As is the case whenever I speak, I opened up the conversation to the questions and concerns of the audience.
One member (bravely pictured with me, above) mentioned that often she has trouble controlling her face during meetings—to the point that her boss has begun calling her in ahead of time and giving her whatever kooky news there might be so she has time to get her face in order.
Is it possible this has happened to you?
On the other end of the spectrum, of course, are the people with RBF. Or, in politer terms, faces so impassive they appear disengaged/angry.
Have people commented on this with you?
Regardless of which end of the spectrum you fall into (and if you don’t know, now’s the time to ask around…) here are a few tips for a good “listening face”

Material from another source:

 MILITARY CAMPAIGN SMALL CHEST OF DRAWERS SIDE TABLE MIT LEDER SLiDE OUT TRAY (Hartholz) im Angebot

The first thing to ensure is that it looks alive (Note: we have 43 muscles in our face and only 8 of them are used for smiling….That means you have a lot of muscles left to wake up.)
How can you wake up these muscles? I recommend the pumpkin/raisin face exercise: first, you make your face as big as a jack o’ lantern, then you make it as small as a raisin. (See me doing it, below; my ‘raisin’ is a little off. It always makes me laugh)
Because I don’t recommend sitting in meetings looking like a pumpkin or a raisin, I also want to make you aware of “Smizing”: smiling using only your eyes. Really. It’s a thing. Check the clip.
As you can see, there is more to having a great listening face than meets the eye (literally) which is why—during my Montana presentation—I floated the idea of “Facemasters”: people sitting in circles, assessing and working on their listening faces.
Let me know if you want to join.
Ultimately—ideally– you want to end up with what I refer to as “pleasant expectant face”, because people are more likely to share their ideas/talents/concerns with you if you look like you are interested in what they are about to say.